Kev and I were chatting about the influence of design in marketing. He has great insights into design intelligence. Like most great insights, it's stuff that is floating in the back ground of our minds but too often we don't let it come to the forefront and really impact our work.
He sees design intelligence for marketing as one of the most critical components for impacting and motivating choice. But too often marketing teams don't use design intelligence. Some designs are totally consumed by layout. That's the technical skill behind great design: white space, typography, use of colour, clean lines, careful attention to grids. While great layout makes the piece pretty -- it's doesn't push the edges towards brand personality, marketing principals and offer insight.
On the other extreme are the marketing teams who sacrifice design intelligence for fine art. Fine art is focused on the visual experience -- not the message. The message is often subtle or determined by the viewer. It belongs on living room walls and museums.
Great marketing motivates and inspires action.
Design intelligence starts with understanding the overall goal, the underlying challenge, the audience, human motivations and, maybe most of all, takes the designer out of the picture.
As we were chatting, we were musing about a piece that we did for a client many years ago. Both of us hated it. While the offer was intact and the design intelligence was strong in understanding the overall brand and the motivations of the direct audience -- our visual minds were really turned off.
It was the second highest performing acquisition piece that year.
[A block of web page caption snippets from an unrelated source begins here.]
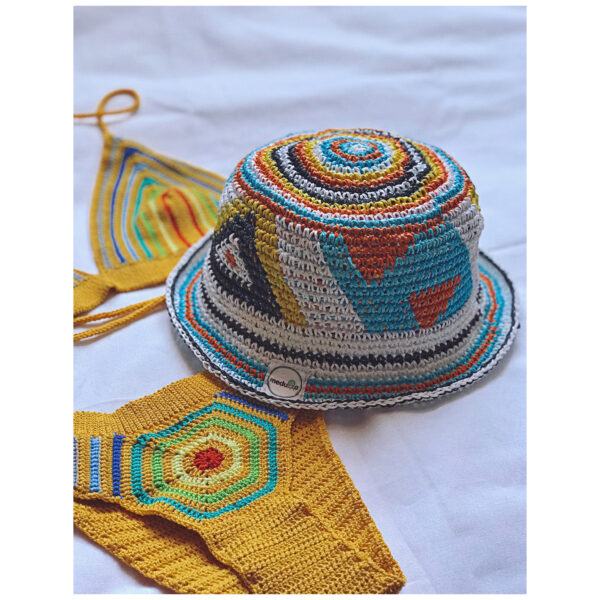 Sunburst Stripe Crochet Bikini Set - Image 2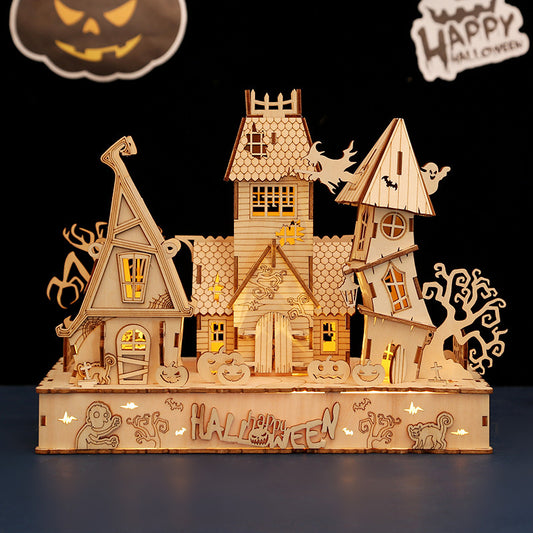 Wooden Halloween house 3d puzzle with black background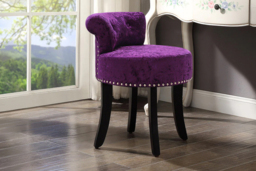 Purple Velvet Vanity Chair with Button-Tufted Backrest and Metal Studs - thumbnail 2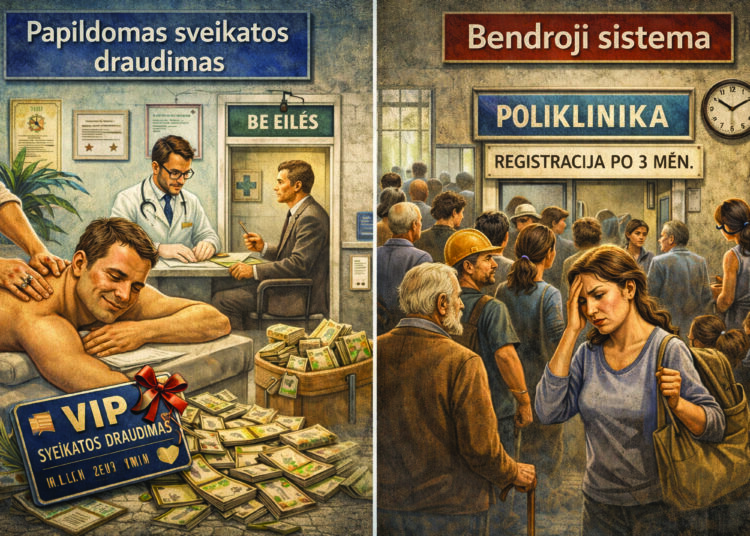 Norint patekti pas gydytojus, pacientams eilėse kartais tenka laukti pusmetį ir ilgiau. Papildomu (savanorišku) sveikatos draudimu už savivaldybės biudžeto lėšas apdrausti valdininkai eiles pas gydytojus galės pamiršti.				          Dirbtinio intelekto sugeneruota iliustracija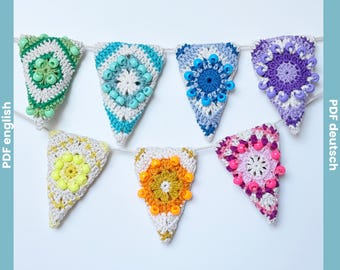 Crochet Bunting Pattern Granny Triangle | Beaded Crochet Garland PDF | Boho Crochet Banner | Pennant Pattern | Party Decor Bunting Pattern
That taught us a lesson. Our overall goal was to communicate to the audience. Frankly, neither of us were the audience. While neither Kev or I would be motivated by this piece -- we were not the people the client wanted to motivated. The biggest mistake marketers make is to allow our own preferences to interfere with truly understanding the audience.
One more story.... when my son was about 2 years old my husband and I worked in a kid's program. One of the features of the program was a dorky beanie that had a helicopter blade on the top. On the way home I was nattering about the lack of sophistication of the premium when Chris piped up from his car seat: "I can hardly wait until I can get one of those hats!" The designer of the program was bang on in assessing the level of sophistication of the audience.
Design intelligence refuses to be tainted by personal taste. It is objective, rational and results oriented.
Barefoot Creative is looking for a designer as I write. Without a question we are looking for a designer with design intelligence!